2

It's the conventional wisdom that a PCA transformation can cure multicollinearity. Putting this into practice on example data, I find myself confused. In the following case, applying PCA seems to have made the multicollinearity (as measured by VIF) much worse!

library(regclass)
library(car)
library(tidymodels)

data("WINE")

##Dropping rating variable

data<-WINE[,-1]

vif(lm(alcohol~.,data=data))

If we are going by the conservative benchmark that VIF of 2 or greater presents multicollinearity that needs to be removed, we need to do something to remove it. enter image description here

Let's apply PCA.

##3 Varibles with vif over 2, would like to remove that multicollinearity. Let's try pca.

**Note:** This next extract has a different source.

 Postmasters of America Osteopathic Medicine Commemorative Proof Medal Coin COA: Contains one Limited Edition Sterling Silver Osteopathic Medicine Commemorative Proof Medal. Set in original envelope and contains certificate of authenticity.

withpca<-recipe(alcohol~.,data=data) %>% step_pca(all_predictors()) %>% prep() %>% juice()



vif(lm(alcohol~.,data=withpca))

#multicollinearity is now much worse!

What has gone wrong? The VIFs for PC1 and PC4 are now astronomical! Can someone explain whether I've misunderstood the conventional wisdom about PCA and multicollinearity or whether that conventional wisdom is just wrong?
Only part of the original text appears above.